Data excerpts
☆ ☆ ☆
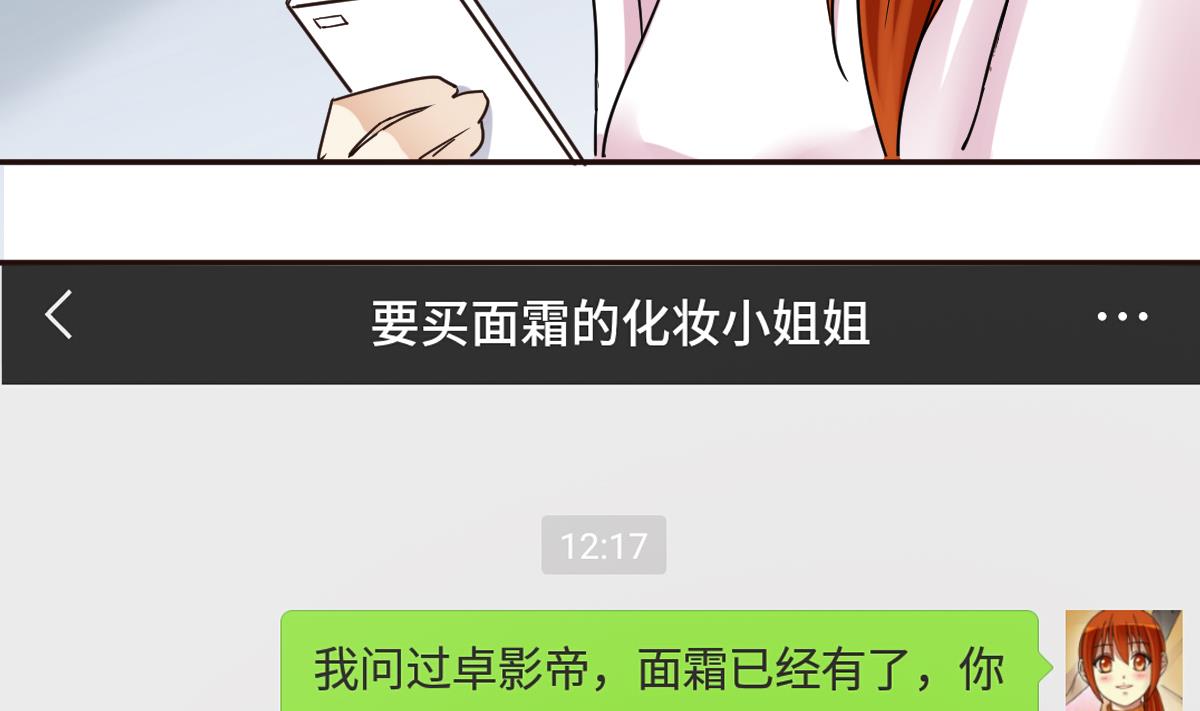 第240话 去约个会 3-第241话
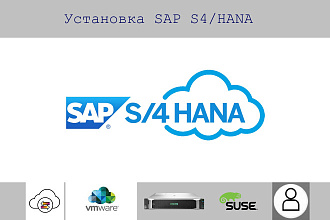 Установлю SAP HANA на ваших ресурсах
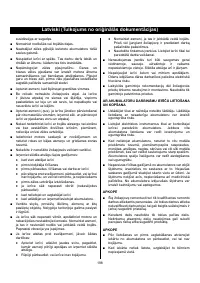 Страница 200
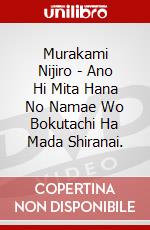 Murakami Nijiro - Ano Hi Mita Hana No Namae Wo Bokutachi Ha Mada Shiranai. dvd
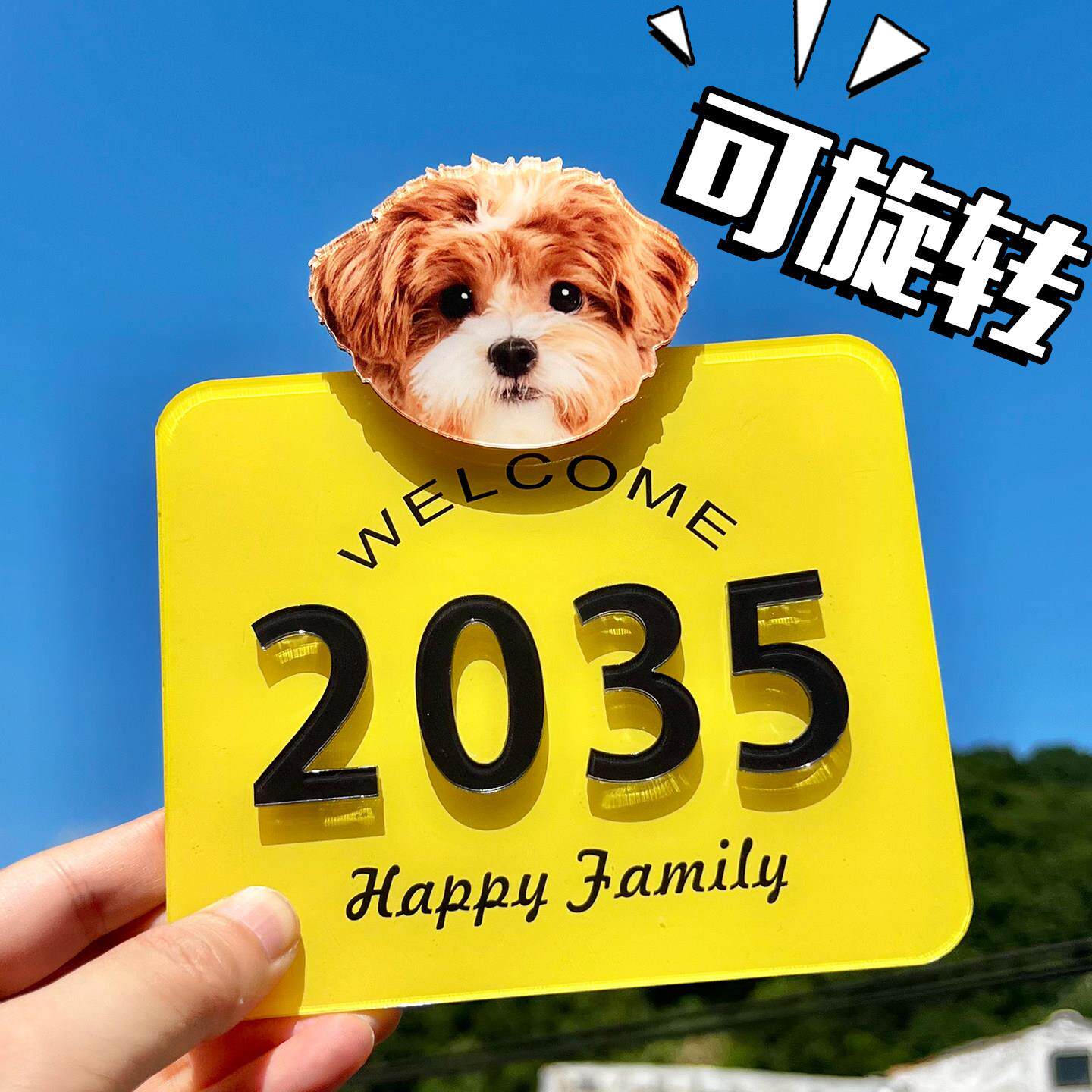 2025新款压克力入户门牌贴定制家用装饰号码牌定做免钉创意房门口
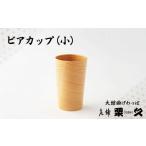 木工品 竹工品 大館曲げわっぱ ビアカップ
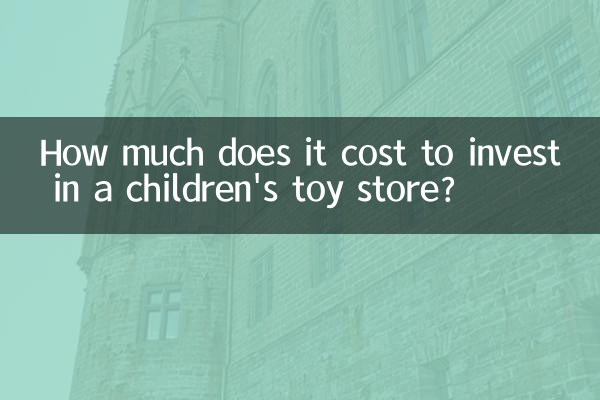 兒童玩具店投資多少錢
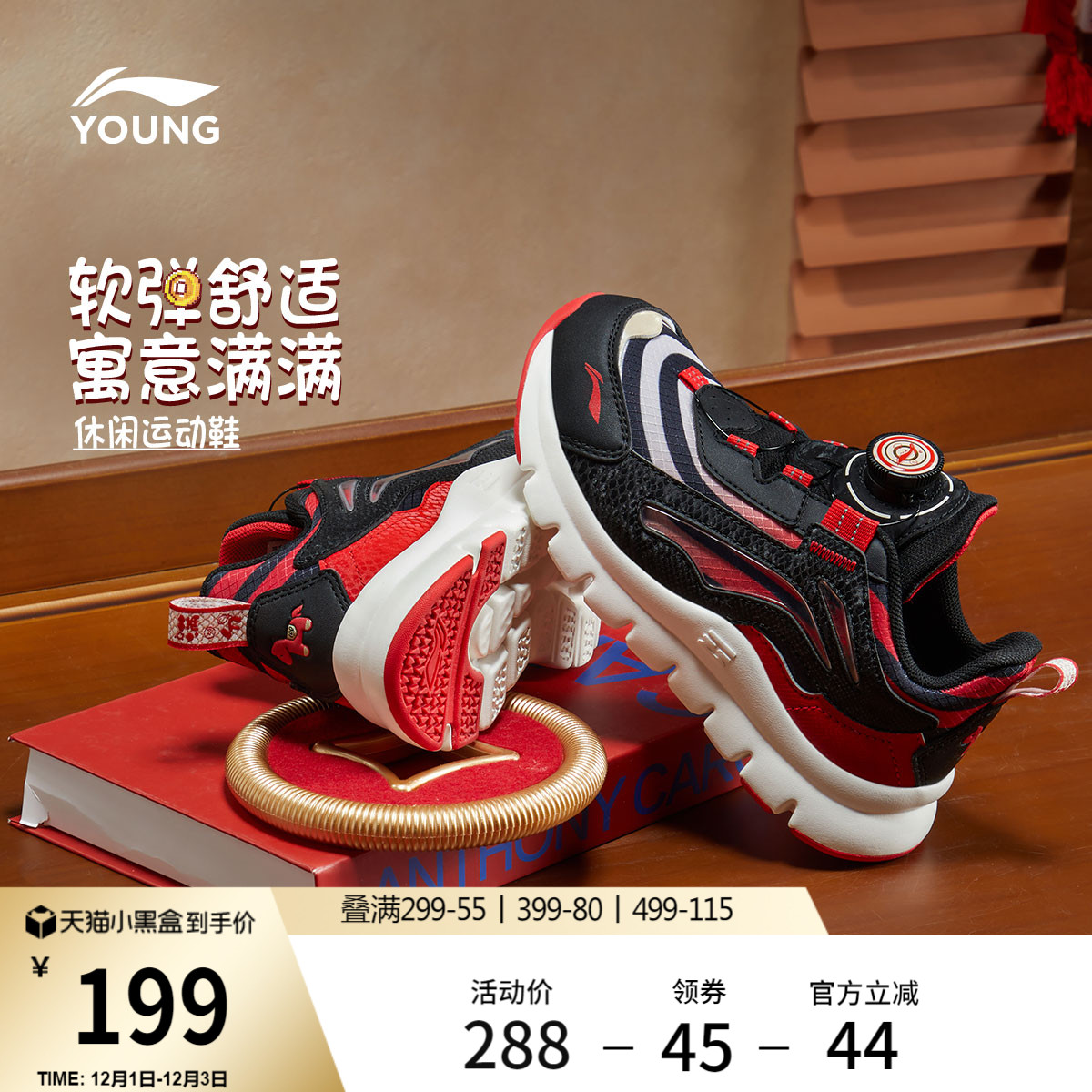 李宁童云小极光婴幼儿童鞋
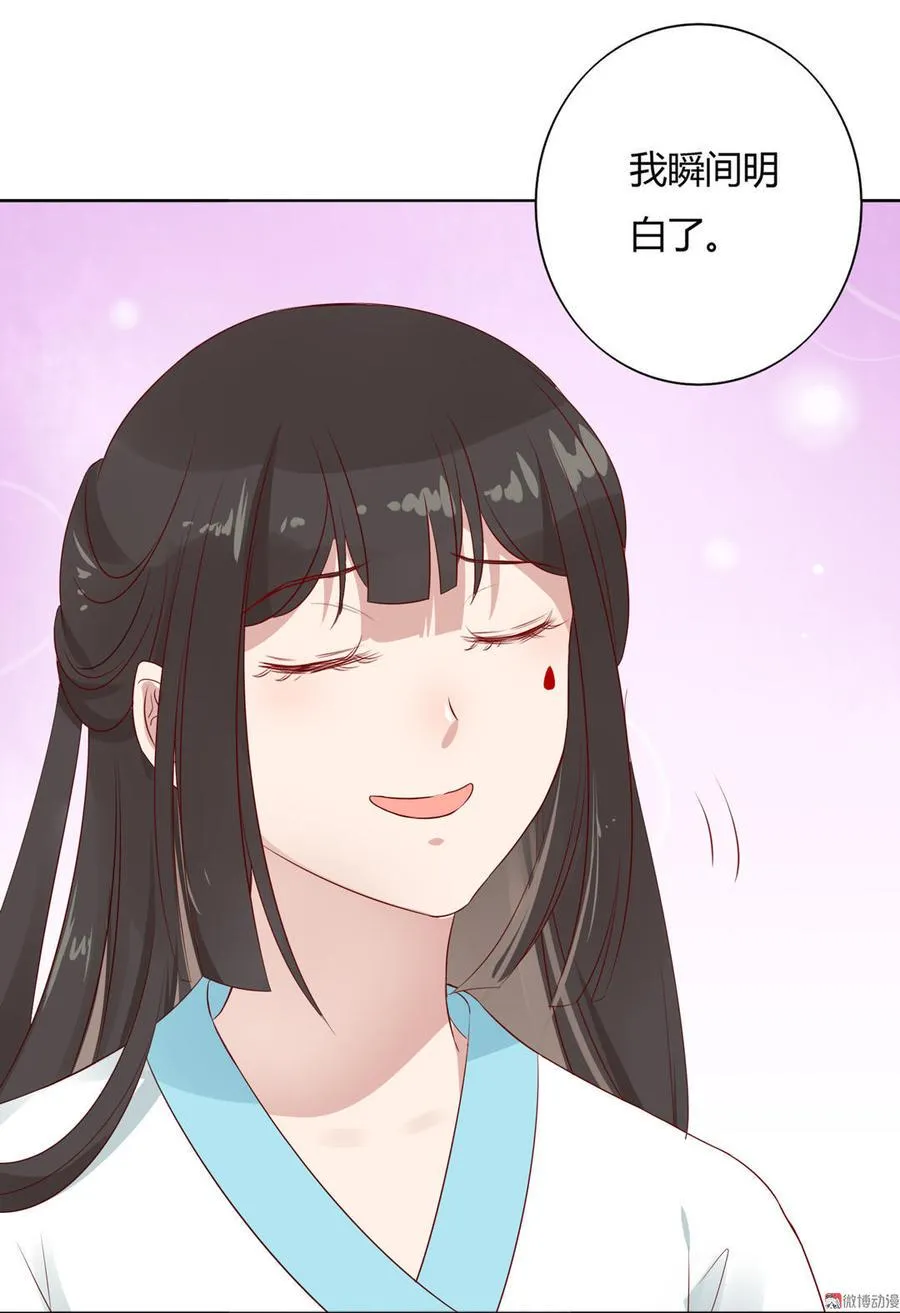 第78话 陛下，我累了 第7页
☆ ☆ ☆
• **Your instructions**
Nothing but the pictures may be dropped; output the records above exactly.

• **Result**
 第240话 去约个会 3-第241话
 Установлю SAP HANA на ваших ресурсах
 Страница 200
 Murakami Nijiro - Ano Hi Mita Hana No Namae Wo Bokutachi Ha Mada Shiranai. dvd
 2025新款压克力入户门牌贴定制家用装饰号码牌定做免钉创意房门口
 木工品 竹工品 大館曲げわっぱ ビアカップ
 兒童玩具店投資多少錢
 李宁童云小极光婴幼儿童鞋
 第78话 陛下，我累了 第7页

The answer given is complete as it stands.